The results of the Kingston SSDs are also on par with the performance figures of the native SATA interfaces. The iNeo SATA-USB 3.0 adapter and the black iNeo NA201U+. achieve 178 MB/s and 175 MB/s (sequential reading), respectively. It could be that more performance could be gained with different drives, but we could not test this as we did not have any faster units available. Only the white iNeo iPile didn’t quite reach the mark with 153 MB/s under the same conditions. It appears that the inbuilt controller is not capable of providing higher rates.
The notebooks proved to have the usual restrictions. Here we achieved a maximum of 111 MB/s with an HP ProBook 6540b and a Raidsonic USB 3.0 ExpressCard extension. This result is on par with our previous tests.
All in all, the 3 test units offer a significant performance increase under Windows when compared to USB 2.0, Firewire 400 or Firewire 800 as long as you install a drive which can keep up. Firewire 800 is rarely found in the world of Windows, which means the alternatives here are USB 2.0 with 35 MB/s and Firewire 400 with roughly 40 MB/s. In comparison, USB 3.0 gave us 180 MB/s, with nearly 240 MB/s being achieved with an OCZ Enyo.
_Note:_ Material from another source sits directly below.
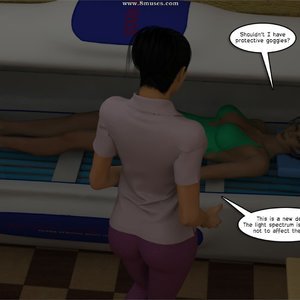 Master of His domain - Sins and Secrets - Issue 1-27 image 489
We can therefore conclude that if one wants to build a high performance external drive which has a transfer rate of over 153 MB/s, the only enclosure that one should avoid from our line-up is the white iNeo iPile.
Performance on MacOs
MacOs X 10.6.6 had no problems identifying the 3 types of hardware in our test. We tested both FAT and MacOs Extended formating types. Those who wish to use their drive under Windows as well as MacOs should use FAT or exFAT to ensure compatibility. We could only use USB 2.0 under MacOs X and could therefore only reach a certain level of performance. Using xBench 1.3 we measured 36 MB/s on all 3 test units (sequential read). USB 2.0 is definitely the limiting factor here. Compared to solutions which are solely for MacOs the iNeo unites definitely underperform compared to the Firewire 400/800 alternatives. Firewire 800 can achieve 80 MB/s with MacOs (LaCie d2 Quadra 79,5 MB/s with MacMini). For those who use both OS systems, the iNeo will still offer maximum performance under Windows as well as compatibility with a Mac.
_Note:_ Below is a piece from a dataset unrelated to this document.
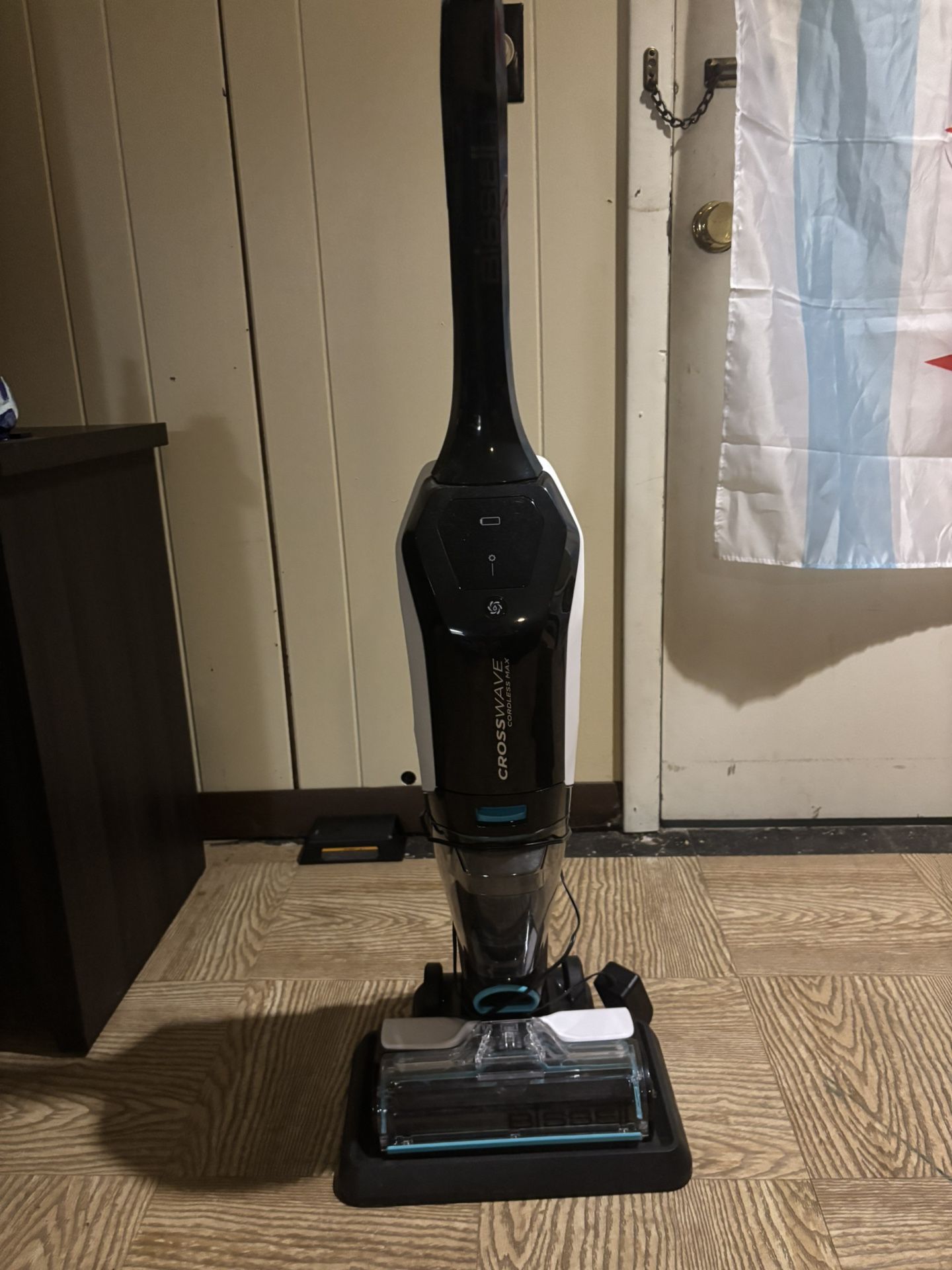 BISSELL Crosswave Cordless Max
None of the test units require an additional power supply (in contrast to the Transcends StoreJet). The power requirements are satisfied using just the USB 3.0 cable. On some drives the increased level of consumption during the start up phase result in an unreliable, or nonexistent activation of the drive. This is more common with hard drives running at 7200 rpm than at 5400 rpm and virtually never happens with SSD. Desktops are also often more tolerant in this respect than notebooks as the latter are not always in line with standard USB specification. This phenomenon is not predictable however. As the power requirements are very different from one storage device to the next, one should consider asking about the maximum power requirements of the unit in question, before one commits to a purchase. As long as these are within the USB 3.0 specifications (900 mA), one shouldn’t have any problems.
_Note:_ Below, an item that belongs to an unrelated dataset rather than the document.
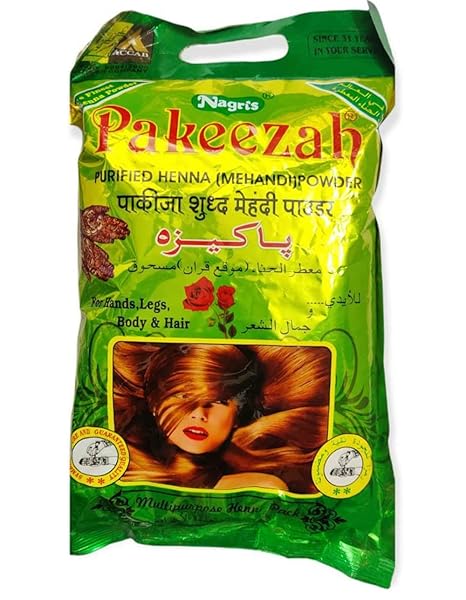 Pakeezah Mehendi, 200g - Indicrest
The iNeo units offer good performance and have sufficient reserves for all conventional 2.5" drives that are currently available. Only fast SSDs will be restricted by the white iNeo iPile I-NA215U which reaches its limit at around 150 MB/s. The enclosures are sturdy, easy to maintain and well built. The adapter has varying gap widths but other than that it has the same level of quality as the others. All units are easy to use and assembled within a few minutes. We could not find any sharp edges, fragile parts or manufacturing errors. The lack of an optional power supply may cause some issues.
Prices and availability are not yet know for the German speaking countries. Amazon.com is currently offering the adpater at $20,-, the black enclosure for $25,- and $30,- for the white enclosure. It is not currently known when they will become available in the sales regions of D, A, or CH.